## To cheer you up in difficult times 32, Annika Heckel’s guest post: How does the Chromatic Number of a Random Graph Vary?

This is a guest post kindly written by Annika Heckel. We first reported about Annika Heckel’s breakthrough in this post. A pdf version of this post can be found here.

Pick an ${n}$-vertex graph uniformly at random. Pick another one. Will it have the same chromatic number? Or if not, how different are their chromatic numbers likely to be if ${n}$ is large?
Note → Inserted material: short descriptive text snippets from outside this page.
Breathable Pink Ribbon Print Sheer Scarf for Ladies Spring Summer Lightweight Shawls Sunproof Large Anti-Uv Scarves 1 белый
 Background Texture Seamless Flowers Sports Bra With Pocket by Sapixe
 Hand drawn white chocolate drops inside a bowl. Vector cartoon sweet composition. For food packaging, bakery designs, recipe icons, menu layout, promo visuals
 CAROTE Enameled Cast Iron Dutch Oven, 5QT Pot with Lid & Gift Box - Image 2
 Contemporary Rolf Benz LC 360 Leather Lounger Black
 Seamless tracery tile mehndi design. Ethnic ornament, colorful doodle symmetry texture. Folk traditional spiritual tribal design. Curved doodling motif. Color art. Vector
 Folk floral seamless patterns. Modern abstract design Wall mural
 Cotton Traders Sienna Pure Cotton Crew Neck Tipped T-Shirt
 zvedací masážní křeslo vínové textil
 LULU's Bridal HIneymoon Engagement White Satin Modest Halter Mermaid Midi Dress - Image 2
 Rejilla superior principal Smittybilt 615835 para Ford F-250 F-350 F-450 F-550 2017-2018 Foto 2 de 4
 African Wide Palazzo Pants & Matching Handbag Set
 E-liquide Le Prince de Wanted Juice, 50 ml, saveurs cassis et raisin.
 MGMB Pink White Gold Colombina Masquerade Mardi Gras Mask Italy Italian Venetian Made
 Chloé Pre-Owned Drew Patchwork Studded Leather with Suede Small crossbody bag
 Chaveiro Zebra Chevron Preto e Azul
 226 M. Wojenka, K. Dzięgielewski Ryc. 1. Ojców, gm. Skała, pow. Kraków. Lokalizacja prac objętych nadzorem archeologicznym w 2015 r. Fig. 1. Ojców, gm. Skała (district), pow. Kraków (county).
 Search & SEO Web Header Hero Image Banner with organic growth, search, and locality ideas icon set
The chromatic number of a random graph is a random variable, so what we are really asking is: Is this random variable essentially deterministic? That is, is the weight of the distribution concentrated on one value, or on just a few values which are close together?

Until recently we did not know whether or not this is the case. In this blog post I’ll describe a new result showing that, at least for infinitely many ${n}$, the chromatic number of a random ${n}$-vertex graph is not concentrated on fewer than about ${\sqrt{n}}$ consecutive values.

### Random graphs

A uniform ${n}$-vertex graph is generated by the random graph ${G_{n, 1/2}}$ where we include each possible edge independently with probability ${1/2}$, and more generally we can ask about the chromatic number ${\chi(G_{n,p})}$ of ${G_{n,p}}$.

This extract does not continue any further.